Currently 4 out of the 10 countries with reported cholera / AWD outbreaks in ESAR since week 1 of 2019, have active transmission and they include; Kenya, Mozambique, Somalia and Tanzania. During the week under review, Kenya reported the highest number of new cases (130 cases). Of the countries with active transmission, overall Tanzania has recorded the highest Case Fatality Rates (CFR) in 2019 at 1.3%.

Kenya: An increase in the epidemic trend has been noted in the last two weeks. During week 19 (week ending 12 May 2019), 130 new cases including 1 death (CFR,0.8%) were reported compared to 155 cases reported in week 18 (week ending 5 May 2019). New cases emerged from the following five Counties: Mandera (64), Garissa (34), Nairobi (25), Embu (6) and Kajiado (1). Nairobi County cases emerged from Embakasi East (Tassia, Pipeline and Kayole North), Embakasi West (Umoja1, Umoja 2) and pockets of Starehe, Ruaraka and Kibra Sub Counties. Garissa County cases emerged from Hagadera and IFO refugee camp while those of Mandera County emerged from Kutulo Sub County. Cases from Embu County were reported from Manyatta and Mbeere South sub counties. The new case from Kajiado County emerged from Ongata Rongai in Kajiado North Sub County.
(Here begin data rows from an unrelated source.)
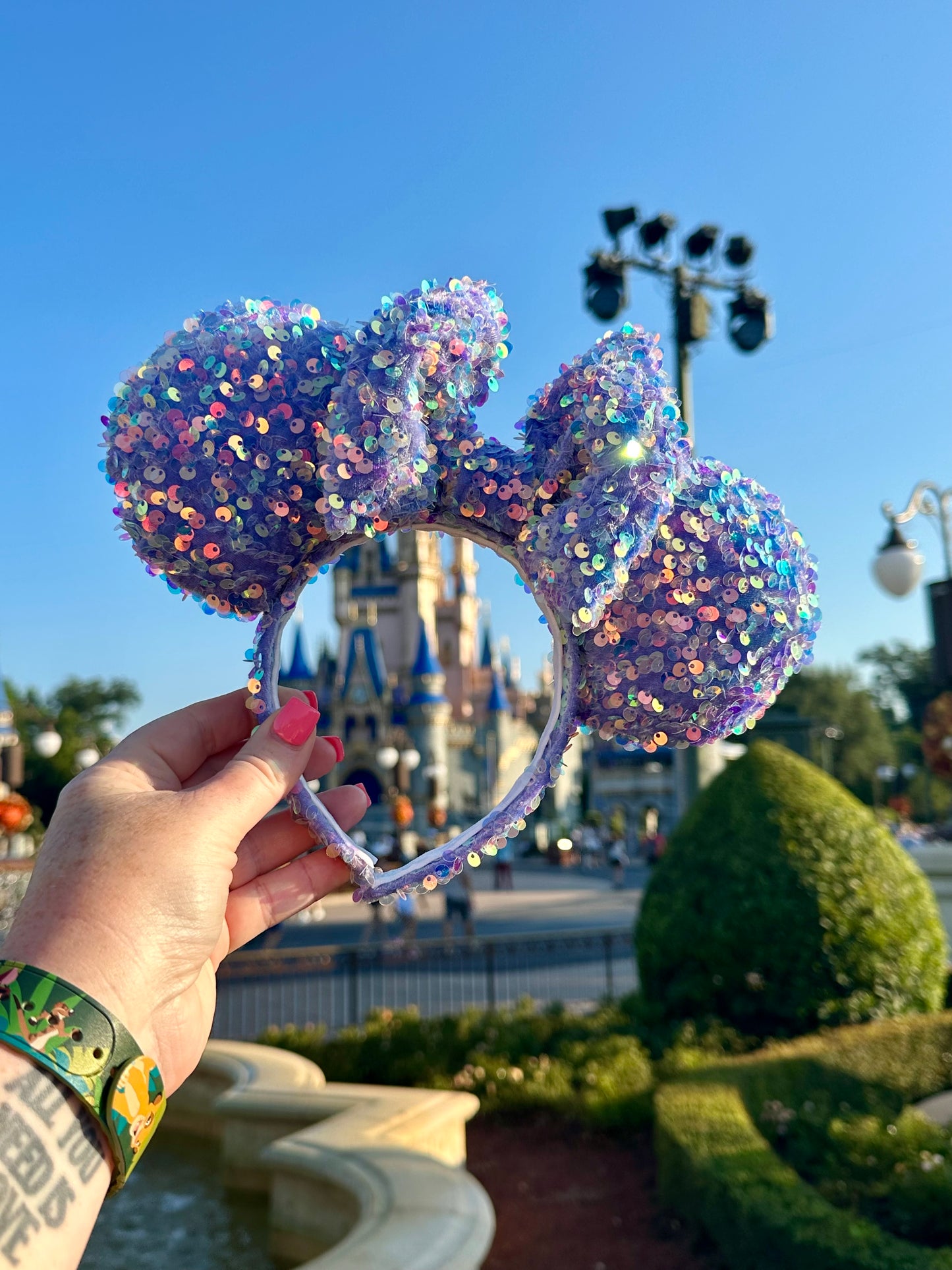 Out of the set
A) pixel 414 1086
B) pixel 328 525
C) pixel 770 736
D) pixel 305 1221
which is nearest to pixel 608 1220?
pixel 305 1221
Cumulatively, since January 2019, a total of 2,020 cases have been reported out of which 105 were confirmed. There have been 12 deaths with a case fatality rate of 0.6%. High risk areas are characterized by unavailability of potable water, poor sanitation and hygiene practices and the situation is likely to be exacerbated in view of the current long rains.

Mozambique: An increase in the epidemic trend has been noted in the last two weeks. During week 19, 117 new cases were reported compared to 96 cases reported in week 18. This raises the total number of cholera cases reported since the declaration of the cholera outbreak on 27 March 2019 to 6,931 including 8 deaths (CFR, 0.1%). These cumulative number includes; 6,743 cases and eight deaths reported from the Cyclone Idai affected districts of Beira, Buzi, Dondo and Nhamatanda in Sofala Province. A new outbreak of cholera was reported in Cabo Delgado province since 1 May 2019, affecting Pemba city and surrounding districts of Metuge and Mecufi. All areas were affected by the Cyclone Kenneth, with a cumulative total of 178 cholera cases reported.
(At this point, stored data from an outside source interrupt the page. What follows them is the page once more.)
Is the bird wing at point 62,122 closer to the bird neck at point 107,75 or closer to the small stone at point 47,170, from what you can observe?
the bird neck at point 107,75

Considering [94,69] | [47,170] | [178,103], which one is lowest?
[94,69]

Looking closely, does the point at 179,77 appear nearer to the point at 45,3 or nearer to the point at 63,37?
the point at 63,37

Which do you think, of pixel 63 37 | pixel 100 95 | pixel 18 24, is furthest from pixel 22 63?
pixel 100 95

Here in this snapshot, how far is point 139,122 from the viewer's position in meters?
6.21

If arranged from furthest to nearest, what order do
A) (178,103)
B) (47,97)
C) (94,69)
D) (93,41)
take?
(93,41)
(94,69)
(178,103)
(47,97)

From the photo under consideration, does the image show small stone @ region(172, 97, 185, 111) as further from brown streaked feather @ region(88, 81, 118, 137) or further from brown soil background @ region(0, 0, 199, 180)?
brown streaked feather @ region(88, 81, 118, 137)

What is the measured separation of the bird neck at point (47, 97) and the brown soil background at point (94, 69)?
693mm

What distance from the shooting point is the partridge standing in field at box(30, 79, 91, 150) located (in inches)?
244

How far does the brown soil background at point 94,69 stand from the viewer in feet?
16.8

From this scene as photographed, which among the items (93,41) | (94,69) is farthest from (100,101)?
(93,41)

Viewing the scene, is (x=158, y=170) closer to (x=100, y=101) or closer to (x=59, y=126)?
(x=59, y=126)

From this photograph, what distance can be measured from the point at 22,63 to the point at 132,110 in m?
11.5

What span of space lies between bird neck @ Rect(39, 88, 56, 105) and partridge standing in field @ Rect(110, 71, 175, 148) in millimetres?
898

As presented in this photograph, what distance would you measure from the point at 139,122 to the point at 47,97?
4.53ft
Somalia: An increase in the epidemic trend has been noted in the last two weeks. During week 18, 47 new cases were reported from Banadir region compared to 36 cases reported in week 17 (week ending 28 April 2019). Cumulatively a total of 889 cases with no deaths have been reported since the beginning of 2019. Children under five years bear the brunt of the cholera outbreak, representing 62% of the total case load reported in week 18. The Banadir districts with the highest under-5 case load in Week 18 were Hodan (11), Medina (7), Darkeneley (4) and Daynile (4). During the week under review (week 18), the most affected districts in Banadir were Hodan (15 cases), Darkeneley (8 cases), Daynile (7 cases) and Medina (7 cases). Overall, the most affected Banadir districts (Week 1-18, 2019) are Medina (71 cases; AR 0.11), Hodan (70; AR 0.05), Daynile (57; AR 0.09) and Darkeneley (48; AR 0.06)

Tanzania: In week 17 (week ending 28 April 2019), 17 new cases and zero death were reported from: Handeni DC (7 cases), Pangani DC (9 cases) and Tanga city (1 case) in Tanga region.
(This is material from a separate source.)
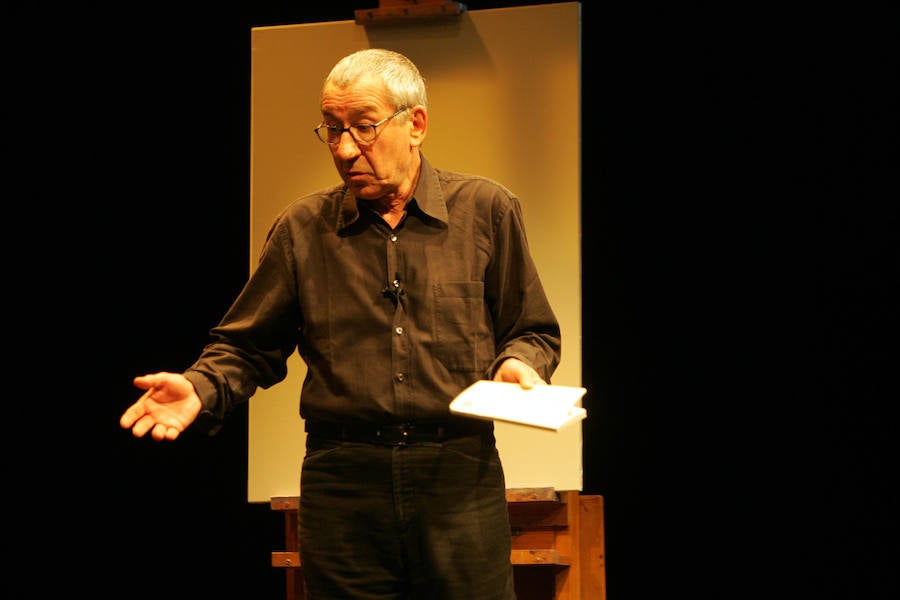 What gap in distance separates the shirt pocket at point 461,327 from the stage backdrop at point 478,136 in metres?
0.94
Urban - Rural Disaggregation of Cholera Cases

Overall, more cholera cases emerge from urban areas (79.3%; 7,397) as compared to rural areas (20.7%; 1,933). This is according to an analysis of cholera cases reported since the beginning of 2019 from seven countries (Angola, Kenya, Malawi, Mozambique, Tanzania, Uganda and Zimbabwe). Of the total number of cases reported in urban areas (7,397), Mozambique accounts for the majority (90.58%; 6,700), followed by Kenya (7.76%; 574), Uganda (0.72%; 53), Tanzania (0.66%; 49), Angola (0.26%; 19), Malawi (0.01%; 1) and Zimbabwe (0.01%;1). All cases reported in Uganda (53) and Angola (19) emerged from urban areas. Apart from Mozambique, Uganda and Angola; collectively, the remaining four countries (Kenya, Zimbabwe, Tanzania and Malawi) have more cholera cases emerging from rural areas (73.1%; 1,702) as compared to urban areas (26.9%; 625).